Protecting Women's Rights

Firmly protect the legal rights and interests of women and children, 1983

Firmly protect the legal rights and interests of women and children, 1983

The more feminine image of women that emerged in the late 1970s tallied well with the general tone of a substantial number of posters produced in the period 1978-1988 that explicitly propagated legal knowledge. These resulted from leadership attempts to formulate a comprehensive body of laws to combat male chauvinism and safeguard the rights - and welfare - of women and children. The reasons behind this campaign were twofold. It seemed on the one hand as if the return to relative normalcy under the reform program had rekindled the political interest in continuing the unfinished work relating the women’s liberation. On the other hand, the economic changes, in particular the decollectivization in the countryside, had resulted in a deterioration of the position of women.

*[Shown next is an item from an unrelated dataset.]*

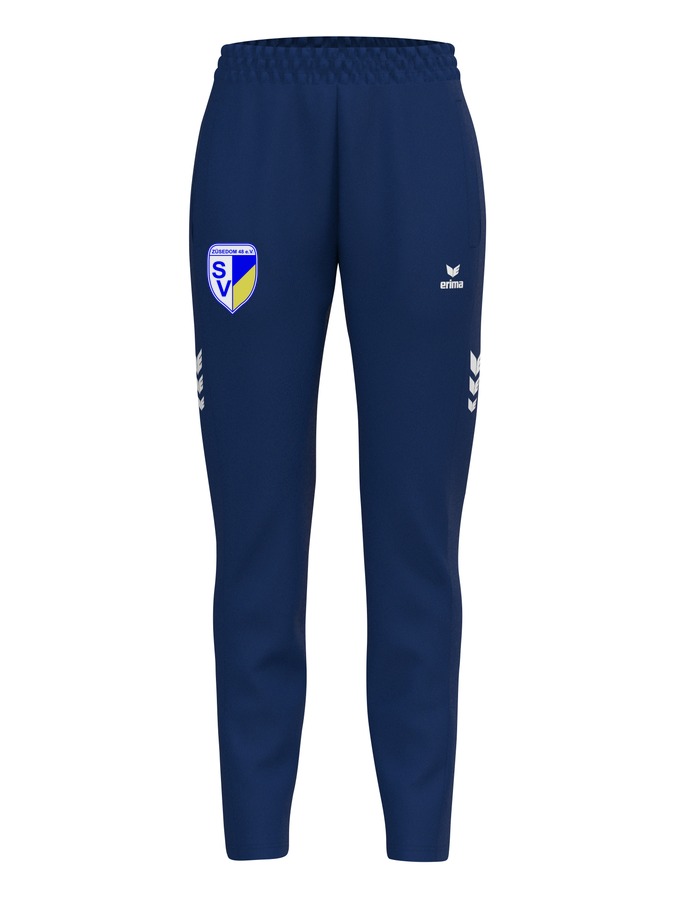 Erima Celebrate 125 Training Pants Damen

Protect the legal rights and interests of women and children, 1984

Protect the legal rights and interests of women and children, 1984

Given the attention the Party always had professed to pay to women’s issues, it should be considered remarkable that the protection of the various inalienable rights of women and children suddenly became the subject of such a huge propaganda campaign at all. It threw a startling and discomforting light on the actual situation in which many women apparently still found themselves, and ran counter to the assessment of the social position of women the CCP had given until then.

Despite the fact that such materials gave widespread attention to undesirable phenomena, they did not succeed in eradicating them. On the contrary, the practices of kidnapping women, trafficking in them, selling them off for marriage or into prostitution only seem to have increased. It seems that the government had become well aware of the decreased resonance of posters for the purpose of spreading legal knowledge. Other media, including television documentaries and screenplays allegedly based on real events, provide propaganda countering these activities. When legislation pertaining to women was again reviewed and revised in 1992, no posters were published by the central authorities that presented information about the changes. If they appeared at all, their production was left to the local chapters of the Women’s Federation.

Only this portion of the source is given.